COCO BEFORE CHANEL is a beautiful and achingly sad story which reaffirms Audrey Tautou as one of the finest actresses working in cinema today.
She can express greater depths of emotional turmoil with her soulful brown eyes and a slight tilt of the head than many of her contemporaries achieve working every muscle in their body.Her Coco Chanel sheaths her fragility beneath an outer coating of steely determination and stoic acceptance of her lot in life in much the same way as Tautou's most famous creation Amelie Poulain.
As the title suggests, COCO BEFORE CHANEL is the story of how the young Gabrielle Chanel evolved into world famous fashion designer Coco Chanel and I use the word evolved advisedly as her rise was neither meteoric nor pre-ordained. There was no "Eureka!" moment when the young Gabrielle first stood in front of a roll of fabric with a pair of scissors in her hand and morphed into Coco. In screenwriter-director Anne Fontaine's telling of Chanel's story she drifts almost inadvertently into designing clothes and - more surprisingly - might never have become a fashion designer at all had her lovelife not been such a total disaster.

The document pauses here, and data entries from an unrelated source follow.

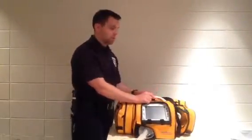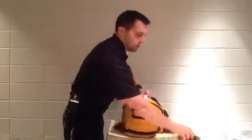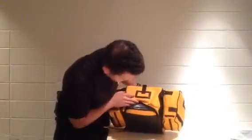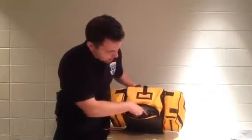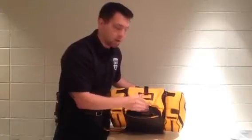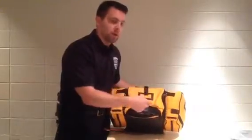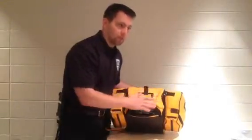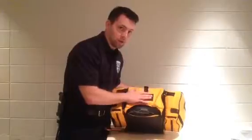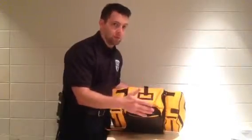The on/off switch is in the back of the unit. It's a black rocker switch that has a little raised section to protect it from accidentally getting rocked. It has a triple protection mechanism so that if you're ventilating a patient it's almost impossible to accidentally turn the device off and therefore leave the patient without ventilation.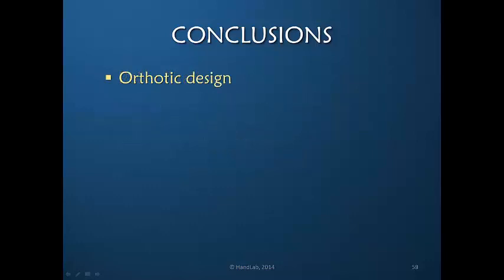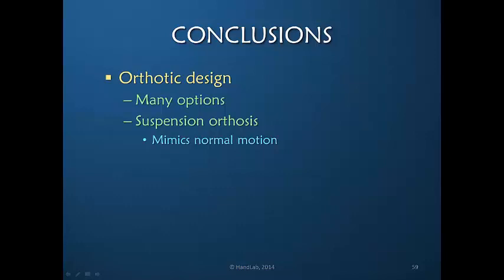There are many orthotic designs and many options to choose from, which can be very confusing for a new therapist. But in my view, the suspension orthosis has some distinct advantages because it mimics normal motion, therefore not allowing the motor cortex to learn the maladapted pattern. The suspension orthosis also reinforces muscle return — for example, with a returning wrist extensor muscle, it allows the muscle to actively participate and fire, but it doesn't demand that that weak returning muscle hold the weight of the hand for prolonged periods of time.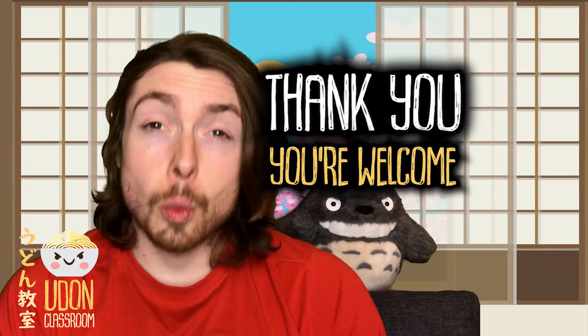Do itashimashite. Today we are going to look at how to say thank you and you're welcome.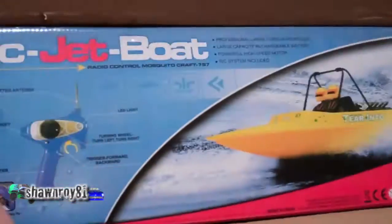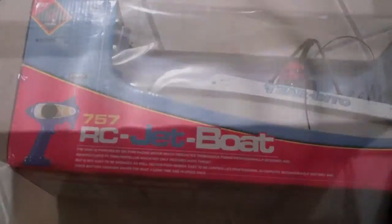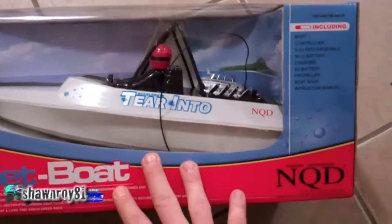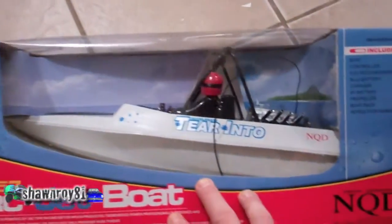Sorry guys, the dog was in the shot. This is what I got here — the jet propelled boat. Not sure what color it is; it wasn't really specified in the post and I really didn't care. I plan on modifying this guy a great deal. Alright, so we lucked out — we got the white one, which is what I was looking for. The post showed a white and yellow; it could have been either, but I did get the white.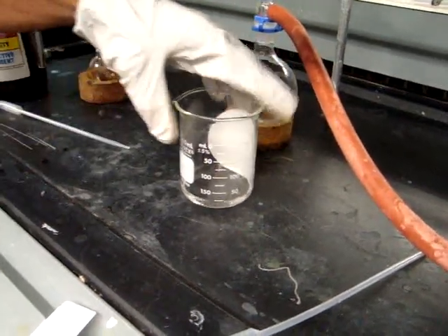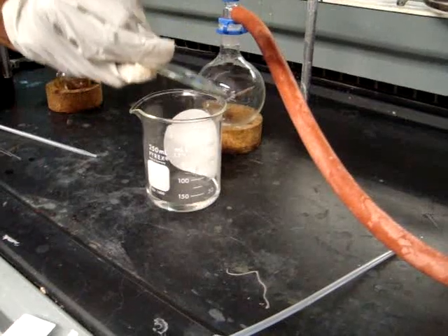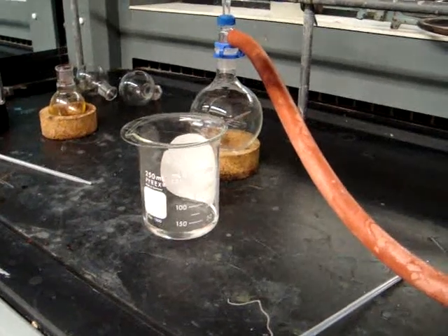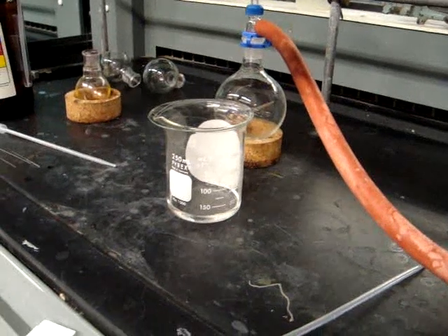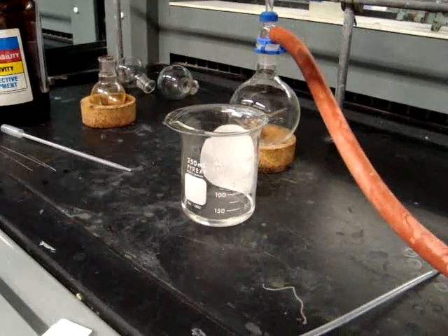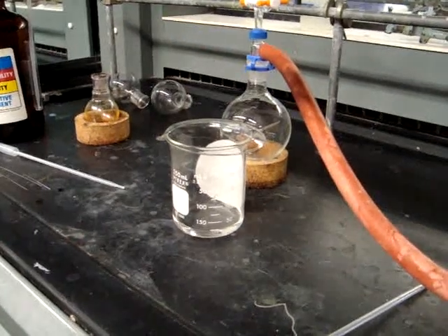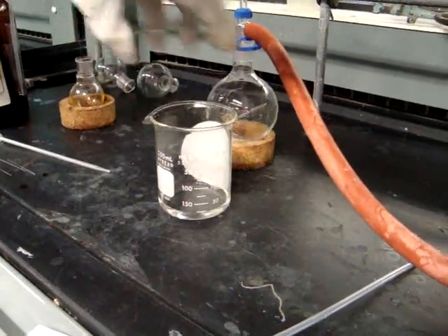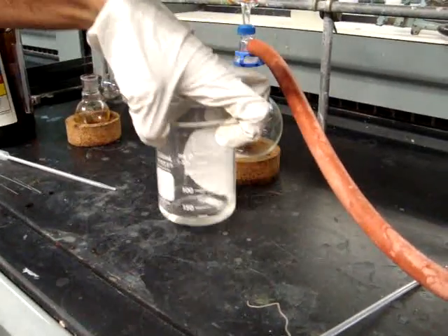This is the TLC chamber, which contains the beaker, the watch glass, the filter paper, and the solvent system. We have arbitrarily chosen the solvent system to be 85% PET ether and 15% dichloromethane. You will be making 10 milliliters of your chosen solvent system, which will be assigned by your TA. For us, we added 8.5 milliliters of PET ether and 1.5 milliliters of dichloromethane, and then added about 8 milliliters of that into the beaker.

Her early ambitions to become an actress condemned her to a twilight existence in turn of the 20th century French society where wealthy men would accept her as a mistress but never a wife. Initially rigid in her refusal to play along with such hypocrisy she slowly and reluctantly mellows as she realises the material benefits to be gained and allows herself to fall in love with one particular suitor.
Her story plays out against a series of luxuriously decorated country homes peopled by the idle rich for whom Chanel is never more than a barely tolerated interloper. She's not an easy person to warm to with her face fixed in an expression of contemptuous indifference for much of time, but it's also impossible not to empathize with her longing for a place to belong and to be loved for who she is.
Stylistically and thematically CHANEL BEFORE COCO is a cross-Channel cousin of the Merchant Ivory stable of Brit-centric period dramas with the addition of occasionally hard to read subtitles (note to subtitlers - white lettering on a white background just doesn't work).
Subtitles aside the main gripe is the lack of pace. I don't expect the early life of Coco Chanel to unspool at the same speed as a Jackie Chan comedy but it does drag in places and feels considerably longer than its 1 hour 45 minute running time.
Absorbing though it is this is not a film to watch late night on a comfy couch.